# My first few Bottles...How did I do?



## BoTTleHuNTa024 (Jun 25, 2007)

Hey glass hounds whats up, not sure if this is really the right forum for this or not, but I seen some other bottleheads uploading some pics so I figured I would join in on the fun. Besides you guys are the only ones I have to really show them off too. Most people just see them as old bottles and or a waste of money. [:-] Anyways heres my first few ebay snags.  

 London Beer Bottle 






 My first Owl Drug Company, its clear oh well I still like it 





 My first Hutch E. Gentsch Buffalo NY





 My sweetest purchase so far just arrived today. Iron Pontil 7 1/4" teal blob top soda bottle from the 1840's-1850's, embossed on one side, MINERAL WATER BY HASSINGER & O'BRIEN 17 & O'FALLON STs. ST. LOUIS. Alil more stained up than it appeared in the photo oh well I still like it alot. The only spot that I had no idea about is that weird white spot on the top. THat kinda bummed me out when I seen it oh well still a great color and my nicest bottle so far. If I only knew someone who could tumble. []

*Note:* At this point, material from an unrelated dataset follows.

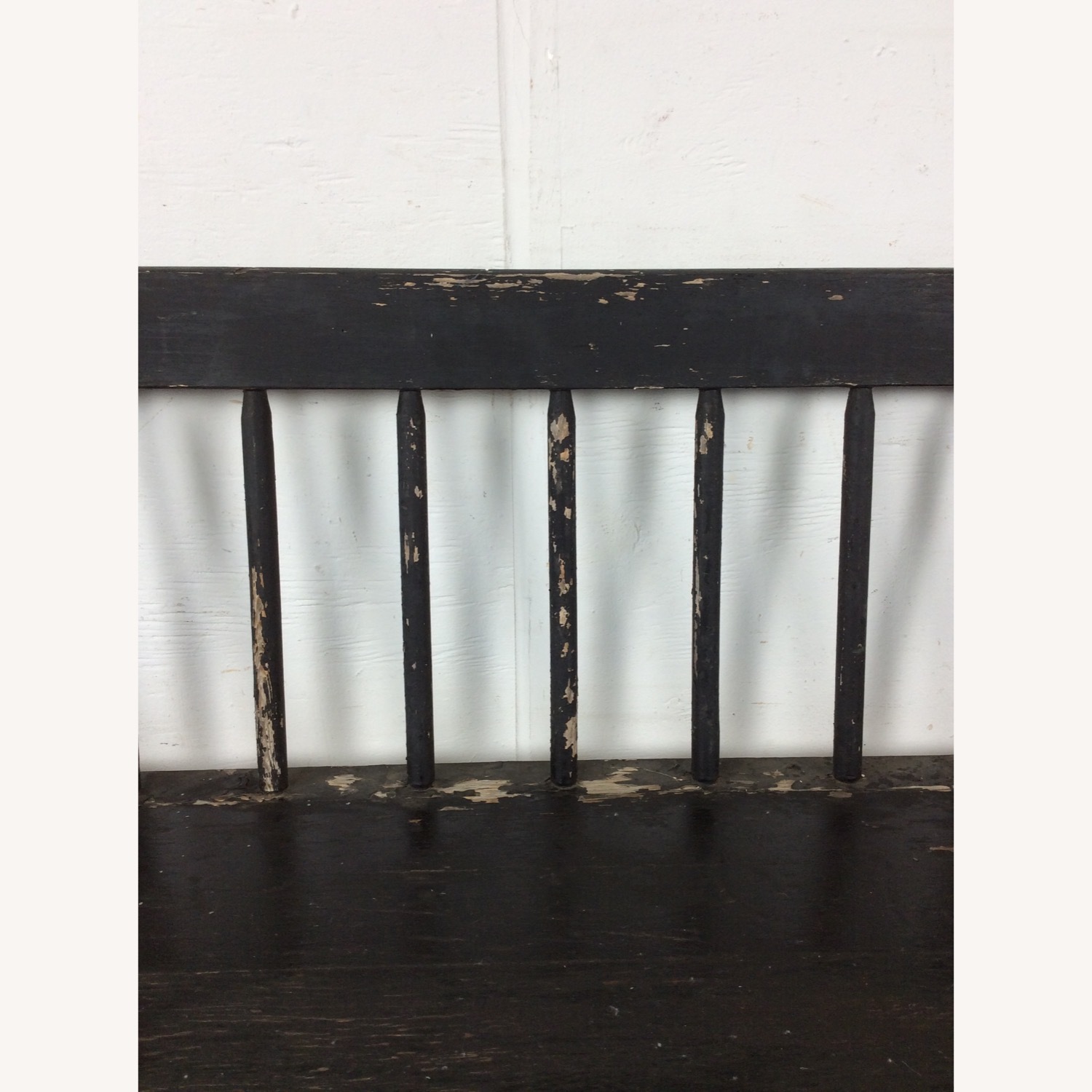 Antique Black Painted Deacons Bench - image-9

 Last but not least group shot of all the bottles I have at this time. Its a start I guess. []





 []


----------



## annie44 (Jun 25, 2007)

The Owl Drug Company bottles are very collectible, even in clear.  Yours looks to be very clean and in great condition.  Nice find!


----------



## stinger haut (Jun 25, 2007)

I have to agree with Annie on your owl, very nice embossing and clean.
 My wife and I collect pontiled sodas and minerals and one of our old favorites is the Hassinger and O'Brien from St. Louis.
 Your other buys look great as well.
 You did good, especially for using ebay.
 Stinger


----------



## RICKJJ59W (Jun 25, 2007)

Nice owl drug my friend dug one just like that last year in a dump,I only have one owl drug here it is.Rick


----------



## RICKJJ59W (Jun 25, 2007)

Owl


----------



## BoTTleHuNTa024 (Jun 26, 2007)

That thing is sexy dude I didnt even know they made that style bottle too!~[:-] Is that Iron Pontil or what? Its fantastic love that color!@[:-]


----------



## appliedlips (Jun 29, 2007)

Great start!The St.Louis soda looks like it has already been tumbled and they did not quite get the neck clean.I am sure there is someone on this site that could fix it for you.Good luck in all your collecting and keep posting the nice finds.Doug


----------



## diggincajun (Aug 10, 2007)

Good Job, Now your hooked on its' a whole new world in bottle land. I became hooked on bottles at the age of 10 now I'm 50 . Here is one of my latest aquired bottles with an owl on it.


----------